### WORK REQUEST
Write an exact copy of the entries below that leaves out all pictures.

### RECORDS SUPPLIED
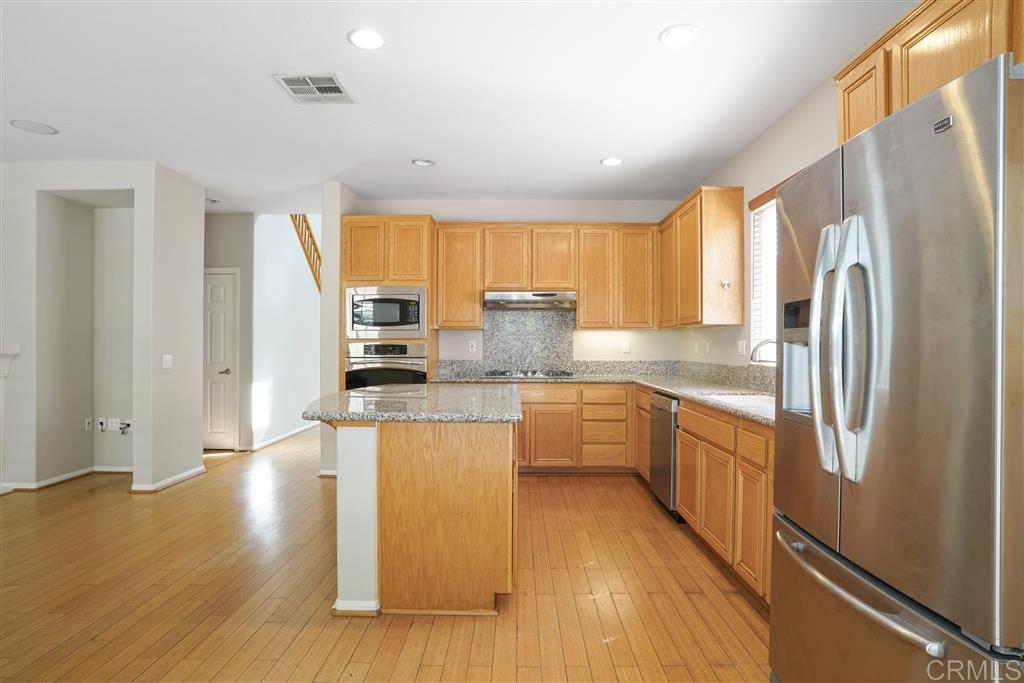 3852 Stoneridge Road Carlsbad, CA 92010 - Photo 7 of 25 Gallery Image 7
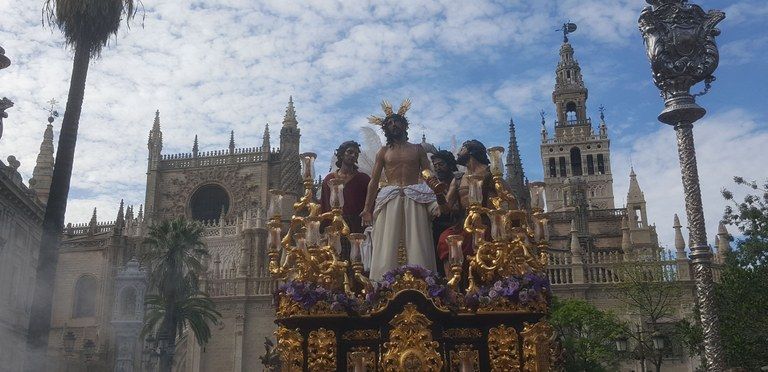 Una procesión durante una pasada Semana Santa en Sevilla.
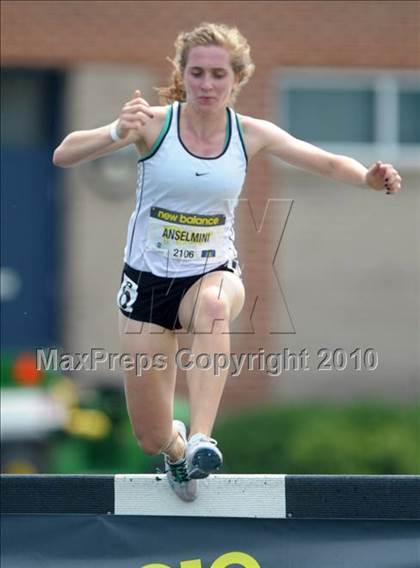 Thumbnail 2 in New Balance Nationals photogallery.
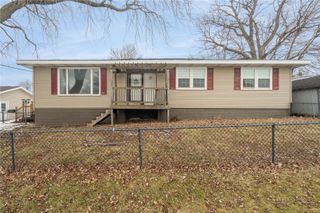 107 Washington Street, Center Point, IA 52213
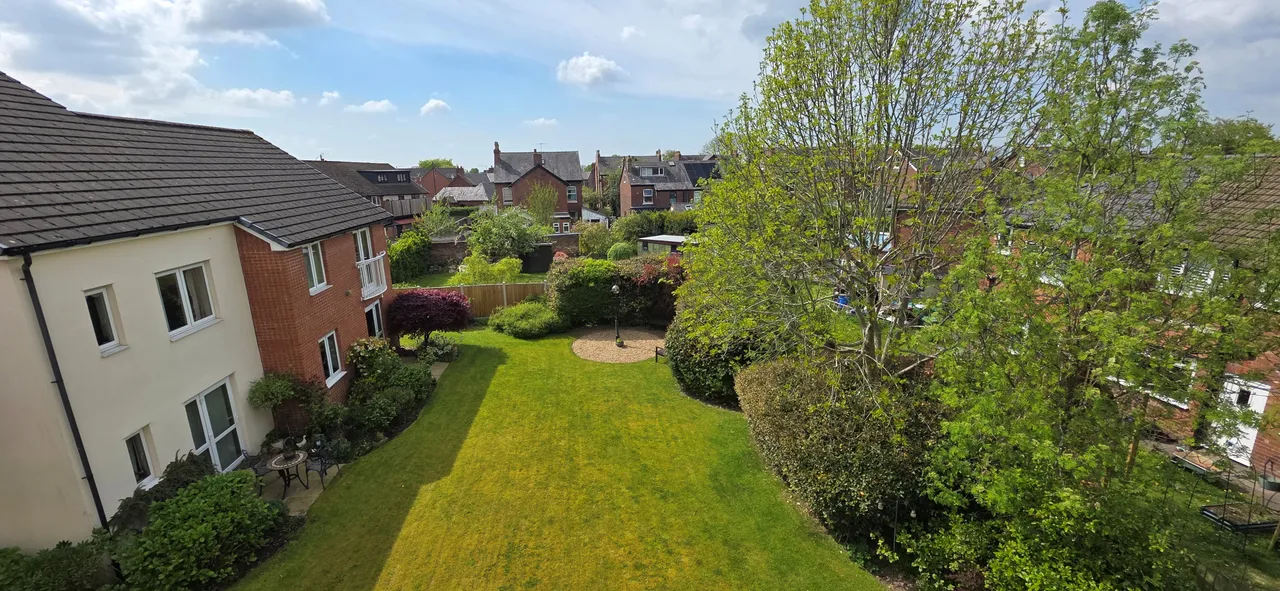 Station Road, Marple, SK6, photo 5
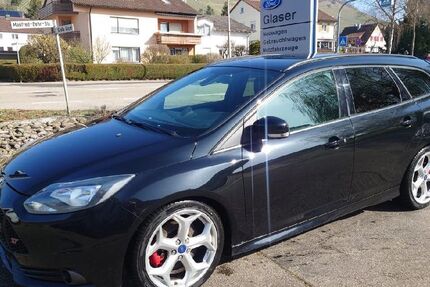 Ford Focus 142.192 km 8.490 &euro; Illingen - Schützingen 75428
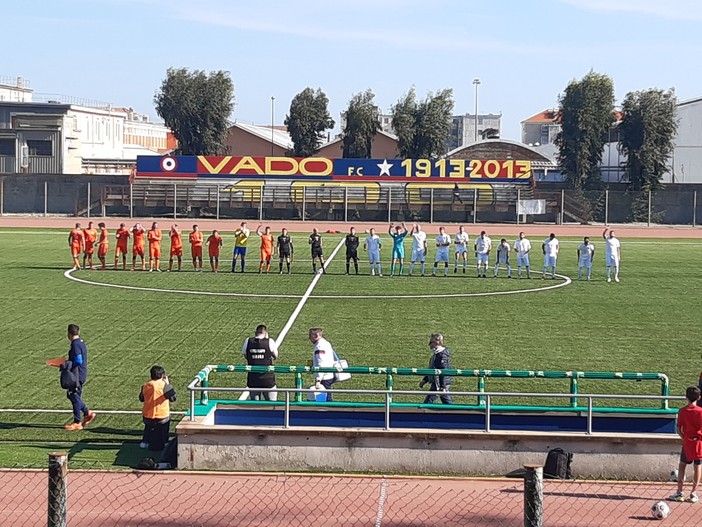 Calcio. Serie D, festival del gol al "Chittolina": Vado e Pont Donnaz ne fanno 4 a testa, rossoblu raggiunti nel finale dall'ex Gulli Calcio. Serie D, festival del gol al "Chittolina": Vado e Pont Donnaz ne fanno 4 a testa, rossoblu raggiunti nel finale dall'ex Gulli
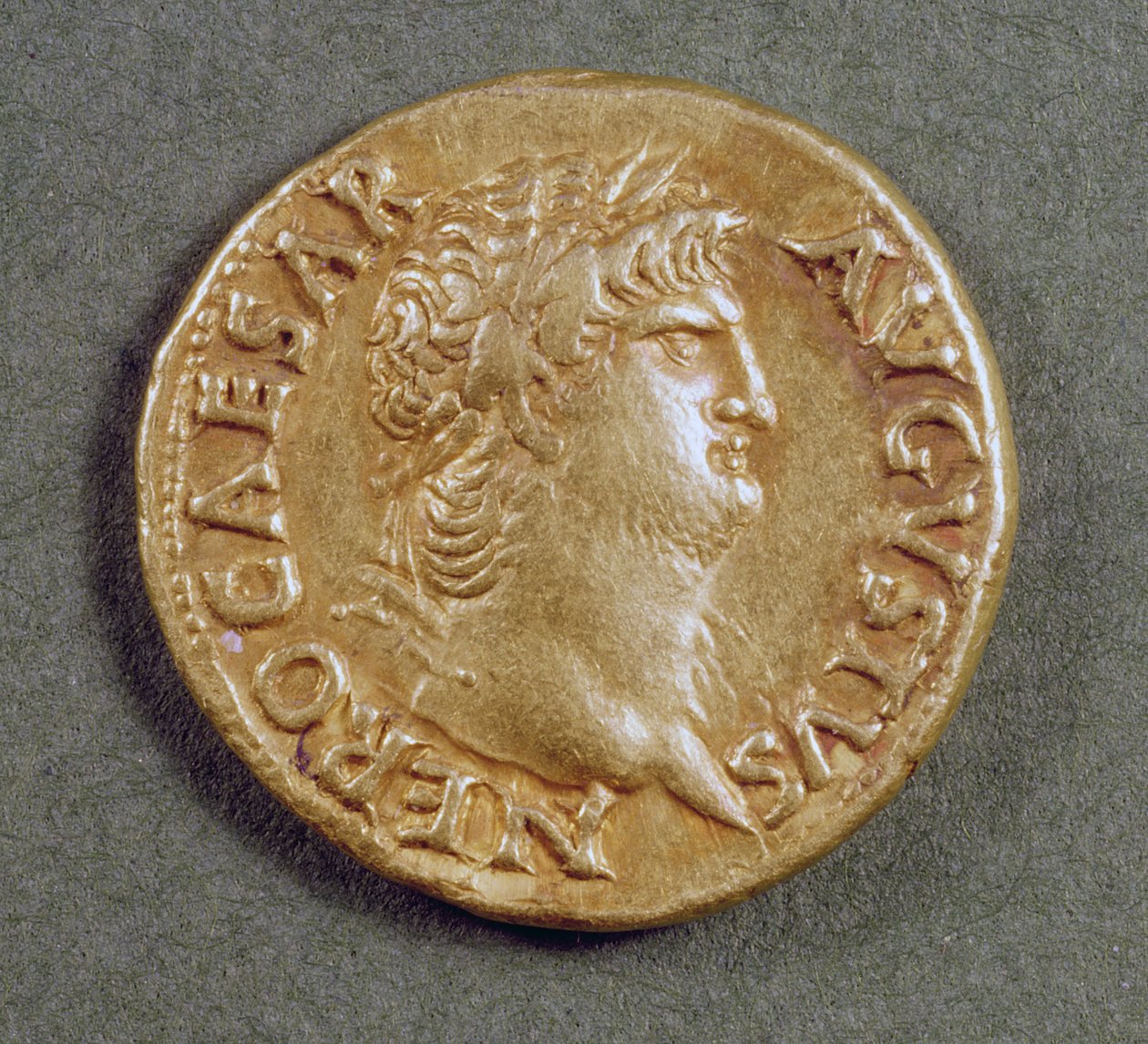 Aureus (الوجه) من Nero (54 - 68 م) يرتدي إكليل الغار. نقش: NERO CAESAR AVGVSTVS (ذهبي) بواسطة رواية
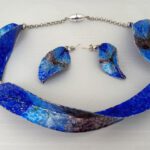 Blauviolettes Collier in Wellenform
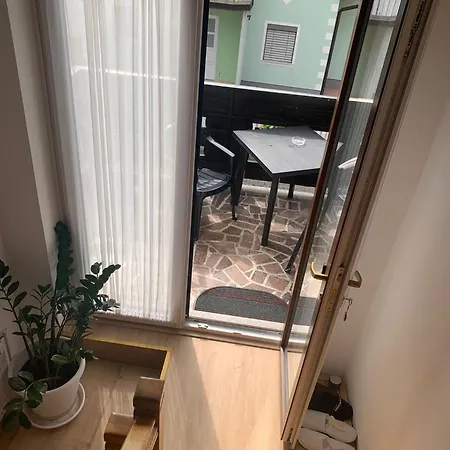 Udoben, Razkosen, Soncen Apartma, 5 Min Do Avtoceste Orehova vas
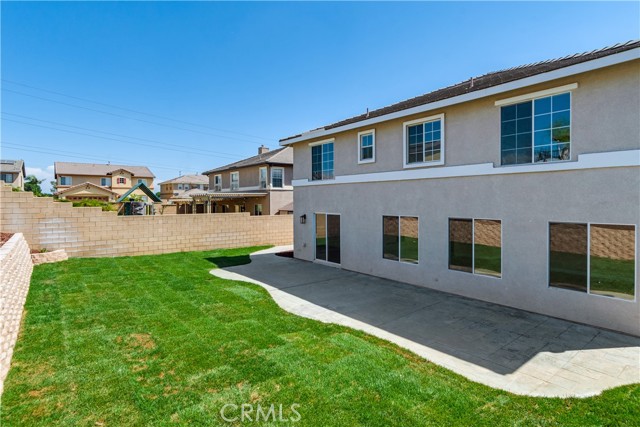 5949 Grizzly Way, Fontana, California 92336, 4 Bedrooms Bedrooms, ,2 BathroomsBathrooms,Single Family Residence,For Sale,Grizzly,IV24148660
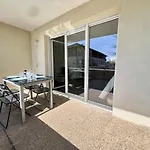 Sunny 2-room Apartment, Terrace, Garden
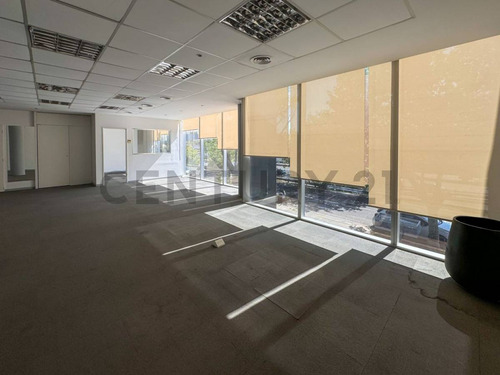 Oficina Aaa En Vte López Con Excelente Acceso En Venta Ideal Inversor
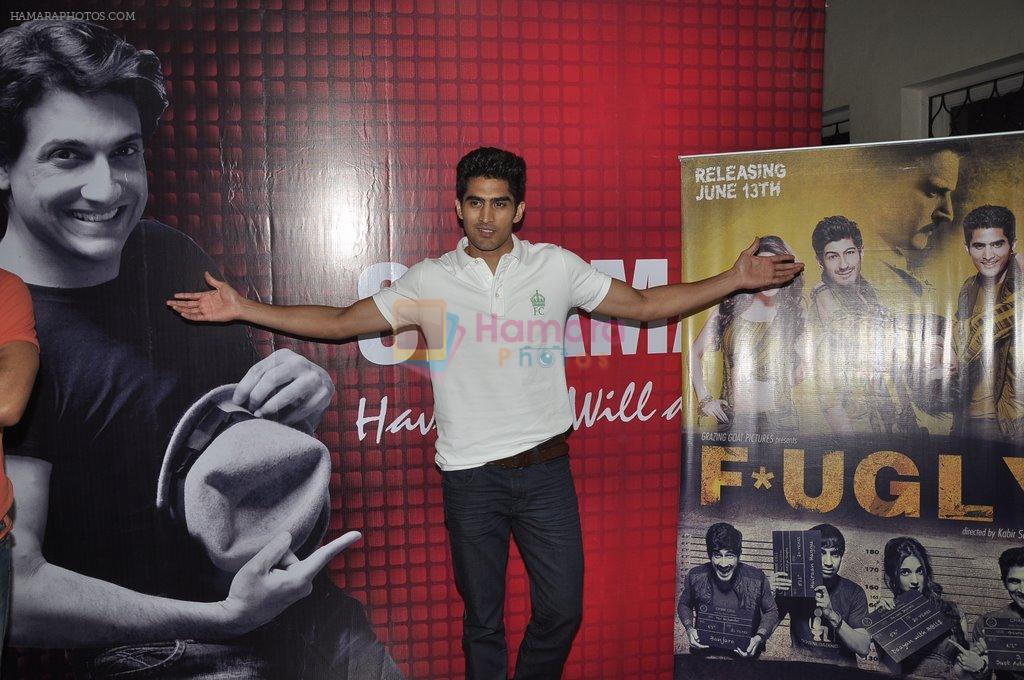 Vijender Singh with Fugly team visits Shiamak's show Selcouth finale on 1st June 2014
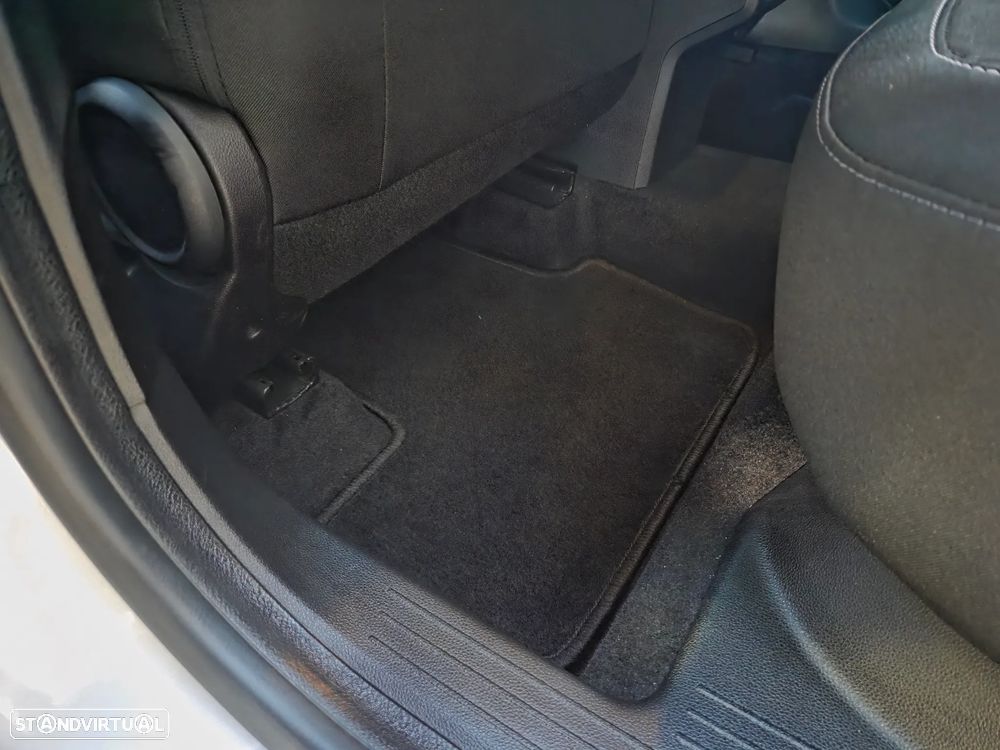 Renault Captur 1.6 E-Tech Full Hybrid Evolution - 17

### ANSWER TO THE EXERCISE
 3852 Stoneridge Road Carlsbad, CA 92010 - Photo 7 of 25 Gallery Image 7
 Una procesión durante una pasada Semana Santa en Sevilla.
 Thumbnail 2 in New Balance Nationals photogallery.
 107 Washington Street, Center Point, IA 52213
 Station Road, Marple, SK6, photo 5
 Ford Focus 142.192 km 8.490 &euro; Illingen - Schützingen 75428
 Calcio. Serie D, festival del gol al "Chittolina": Vado e Pont Donnaz ne fanno 4 a testa, rossoblu raggiunti nel finale dall'ex Gulli Calcio. Serie D, festival del gol al "Chittolina": Vado e Pont Donnaz ne fanno 4 a testa, rossoblu raggiunti nel finale dall'ex Gulli
 Aureus (الوجه) من Nero (54 - 68 م) يرتدي إكليل الغار. نقش: NERO CAESAR AVGVSTVS (ذهبي) بواسطة رواية
 Blauviolettes Collier in Wellenform
 Udoben, Razkosen, Soncen Apartma, 5 Min Do Avtoceste Orehova vas
 5949 Grizzly Way, Fontana, California 92336, 4 Bedrooms Bedrooms, ,2 BathroomsBathrooms,Single Family Residence,For Sale,Grizzly,IV24148660
 Sunny 2-room Apartment, Terrace, Garden
 Oficina Aaa En Vte López Con Excelente Acceso En Venta Ideal Inversor
 Vijender Singh with Fugly team visits Shiamak's show Selcouth finale on 1st June 2014
 Renault Captur 1.6 E-Tech Full Hybrid Evolution - 17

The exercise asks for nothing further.